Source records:

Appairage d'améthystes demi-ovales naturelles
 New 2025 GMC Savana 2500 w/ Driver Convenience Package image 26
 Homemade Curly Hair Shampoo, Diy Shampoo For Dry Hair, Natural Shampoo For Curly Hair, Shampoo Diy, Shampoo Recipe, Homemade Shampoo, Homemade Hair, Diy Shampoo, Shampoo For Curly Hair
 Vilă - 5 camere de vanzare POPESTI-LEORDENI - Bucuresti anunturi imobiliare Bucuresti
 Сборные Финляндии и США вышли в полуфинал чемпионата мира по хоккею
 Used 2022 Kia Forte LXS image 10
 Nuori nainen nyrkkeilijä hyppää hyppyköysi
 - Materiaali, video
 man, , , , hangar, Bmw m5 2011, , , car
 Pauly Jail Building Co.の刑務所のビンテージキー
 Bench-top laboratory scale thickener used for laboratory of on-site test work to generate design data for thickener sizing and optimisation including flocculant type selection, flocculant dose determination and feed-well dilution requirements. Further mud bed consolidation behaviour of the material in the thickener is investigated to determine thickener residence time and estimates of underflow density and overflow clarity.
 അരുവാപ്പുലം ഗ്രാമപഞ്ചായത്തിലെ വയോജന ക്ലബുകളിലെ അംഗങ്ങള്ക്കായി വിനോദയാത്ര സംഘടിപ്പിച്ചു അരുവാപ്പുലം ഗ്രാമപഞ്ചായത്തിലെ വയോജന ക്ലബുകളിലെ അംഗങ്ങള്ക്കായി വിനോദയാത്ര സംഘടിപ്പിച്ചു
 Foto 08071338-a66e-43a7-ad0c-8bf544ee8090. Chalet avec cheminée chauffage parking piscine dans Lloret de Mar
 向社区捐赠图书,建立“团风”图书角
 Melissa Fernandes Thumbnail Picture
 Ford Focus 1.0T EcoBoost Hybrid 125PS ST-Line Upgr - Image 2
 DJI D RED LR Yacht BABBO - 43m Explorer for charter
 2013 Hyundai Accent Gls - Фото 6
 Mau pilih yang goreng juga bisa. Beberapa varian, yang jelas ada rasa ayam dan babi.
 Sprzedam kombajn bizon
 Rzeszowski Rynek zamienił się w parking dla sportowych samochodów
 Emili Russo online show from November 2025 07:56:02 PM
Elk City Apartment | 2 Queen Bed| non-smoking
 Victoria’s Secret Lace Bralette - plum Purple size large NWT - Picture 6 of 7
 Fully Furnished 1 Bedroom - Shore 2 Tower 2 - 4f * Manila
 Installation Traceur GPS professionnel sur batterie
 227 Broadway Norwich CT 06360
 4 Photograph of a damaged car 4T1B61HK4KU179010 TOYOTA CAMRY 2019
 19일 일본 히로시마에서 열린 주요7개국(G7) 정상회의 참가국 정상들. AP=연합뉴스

What the exercise asks: Can you repeat, word for word, every line above from the one containing "Sprzedam kombajn bizon" down to the one containing "227 Broadway Norwich CT 06360", including both?

Answer section:
 Sprzedam kombajn bizon
 Rzeszowski Rynek zamienił się w parking dla sportowych samochodów
 Emili Russo online show from November 2025 07:56:02 PM
Elk City Apartment | 2 Queen Bed| non-smoking
 Victoria’s Secret Lace Bralette - plum Purple size large NWT - Picture 6 of 7
 Fully Furnished 1 Bedroom - Shore 2 Tower 2 - 4f * Manila
 Installation Traceur GPS professionnel sur batterie
 227 Broadway Norwich CT 06360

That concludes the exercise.